(Captioned web images)
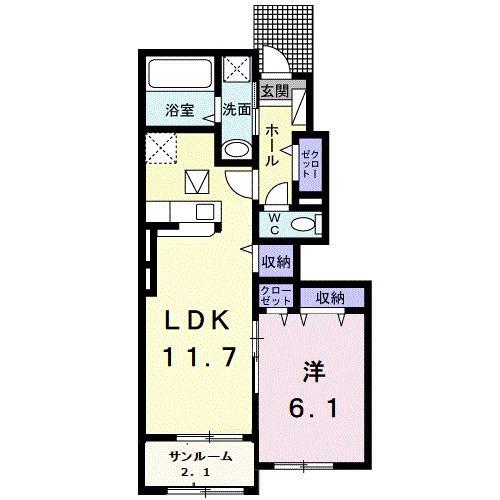 ビリーブ B(1LDK/1階)の間取り写真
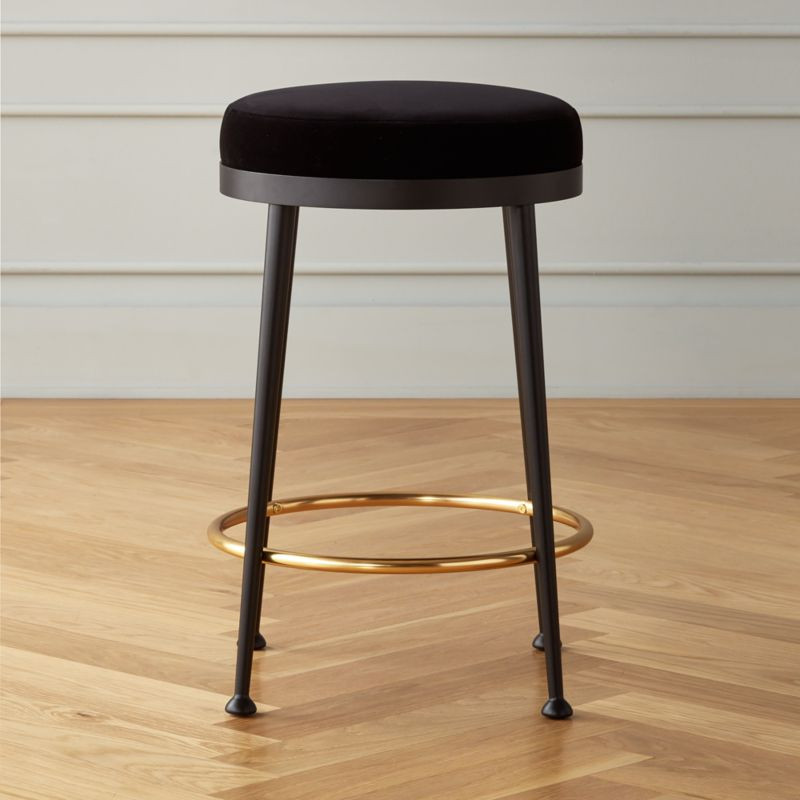 Atlas Black Velvet Counter Stool Set of 2 + Reviews | CB2 | CB2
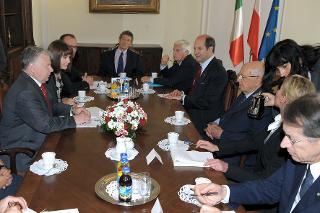 Il Presidente Giorgio Napolitano con il Presidente del Senato Bogdan Michal Borusewicz durante i colloqui in occasione della visita di Stato nella Repubblica di Polonia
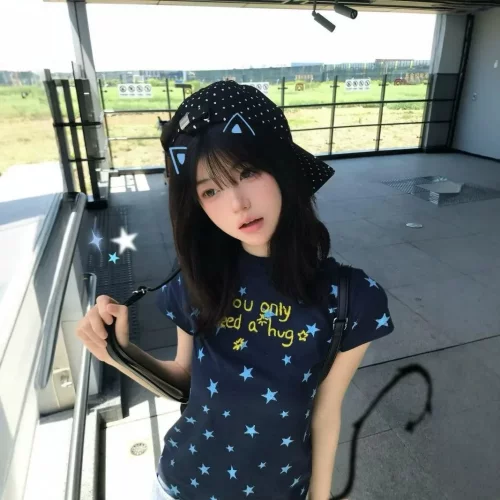 夏季美式复古星星刺绣短袖T恤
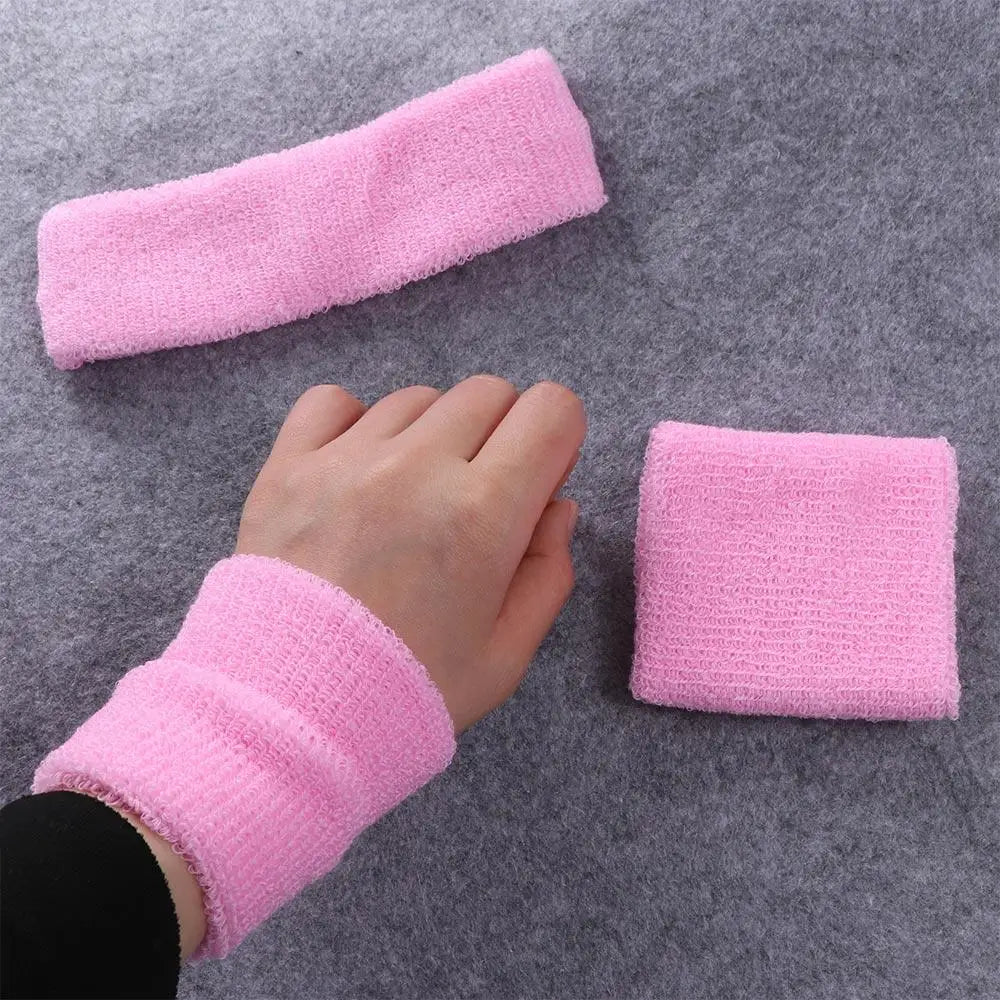 Sports Sweatband Set – Headband & Wristbands for Gym & Tennis Sports Sweatband Set PLUSH
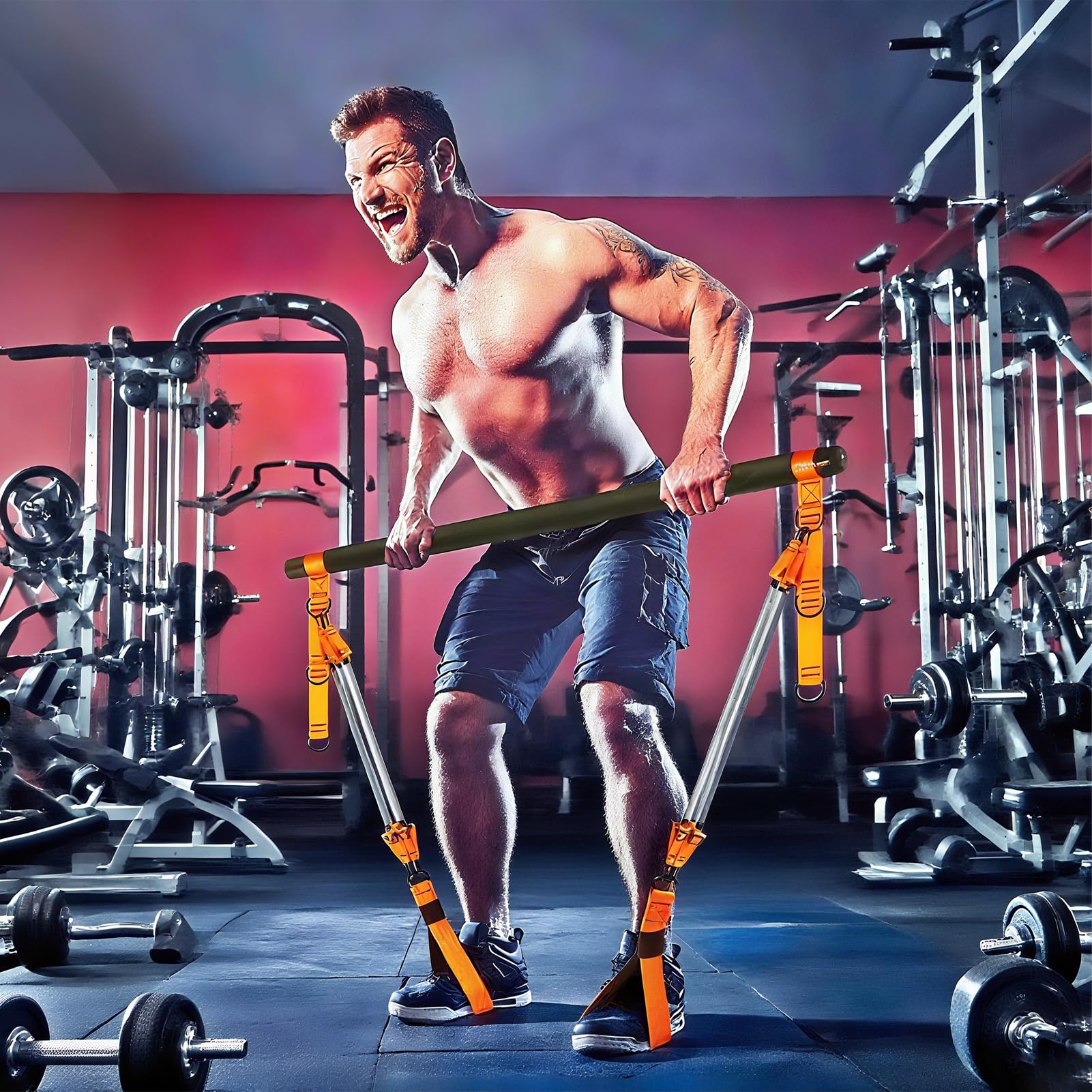 Przenośny zestaw drążków do pilatesu, sprzęt do ćwiczeń na siłownię, wielofunkcyjny system pilatesu z regulowanym oporem, dla sportowców na siłowni, entuzjastów fitnessu, ramion, szyi, talii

* **Exercise**: Copy out, exactly and without pictures, each line from the one containing "Sports Sweatband Set –" through the final line of the entries, both ends included.

* **Written answer**:
 Sports Sweatband Set – Headband & Wristbands for Gym & Tennis Sports Sweatband Set PLUSH
 Przenośny zestaw drążków do pilatesu, sprzęt do ćwiczeń na siłownię, wielofunkcyjny system pilatesu z regulowanym oporem, dla sportowców na siłowni, entuzjastów fitnessu, ramion, szyi, talii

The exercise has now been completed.